Don't let worry consume you. When anxiety takes over, you lose the ability to enjoy life's material pleasures and spiritual rewards alike. Chronic worry doesn't just affect your mind—it physically shrinks and weakens your body while simultaneously diminishing your soul. The message is practical: persistent anxiety robs you of present joy and long-term wellbeing on every level, so release it actively rather than letting it dictate your existence and erode your capacity to live fully.

Relevance to Zoroaster

Zoroaster taught that humans possess free will to choose between Asha (truth, order) and Druj (falsehood, chaos). Anxiety, in his dualistic framework, signals surrender to disorder and hostile spiritual forces. As a prophet-reformer emphasizing Good Thoughts, Good Words, Good Deeds, he saw mental clarity as essential to righteous action.
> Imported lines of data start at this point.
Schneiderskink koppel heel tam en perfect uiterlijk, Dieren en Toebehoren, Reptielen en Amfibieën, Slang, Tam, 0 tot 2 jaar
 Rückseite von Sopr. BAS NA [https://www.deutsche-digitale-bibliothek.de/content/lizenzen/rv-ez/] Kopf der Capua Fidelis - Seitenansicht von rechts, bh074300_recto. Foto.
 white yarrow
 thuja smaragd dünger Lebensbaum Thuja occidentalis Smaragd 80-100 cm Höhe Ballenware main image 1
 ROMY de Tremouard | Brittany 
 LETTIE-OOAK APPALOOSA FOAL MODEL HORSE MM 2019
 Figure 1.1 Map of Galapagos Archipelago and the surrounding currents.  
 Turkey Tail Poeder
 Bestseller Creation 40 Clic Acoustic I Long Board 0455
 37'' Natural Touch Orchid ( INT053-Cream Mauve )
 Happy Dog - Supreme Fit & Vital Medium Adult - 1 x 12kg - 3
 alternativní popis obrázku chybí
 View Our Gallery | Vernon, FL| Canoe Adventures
A mind consumed by worry cannot actively choose good, making anxiety not merely unpleasant but a spiritual failure that aligns one with Angra Mainyu rather than Ahura Mazda.

The era

Zoroaster lived in ancient Persia (circa 1500–1000 BCE) during a turbulent Bronze Age period of tribal conflict, cattle raiding, and competing polytheistic cults. Daily life offered genuine reasons for dread: famine, warfare, and capricious gods demanding blood sacrifice. Against this backdrop of fear-based religion, Zoroaster introduced a radical ethical monotheism centered on personal responsibility and inner peace. His teaching that anxiety harms body and soul offered psychological liberation to people accustomed to appeasing volatile deities through fearful ritual.

AI-generated insights based on extensive research and information for context. Factual errors? Email [email protected].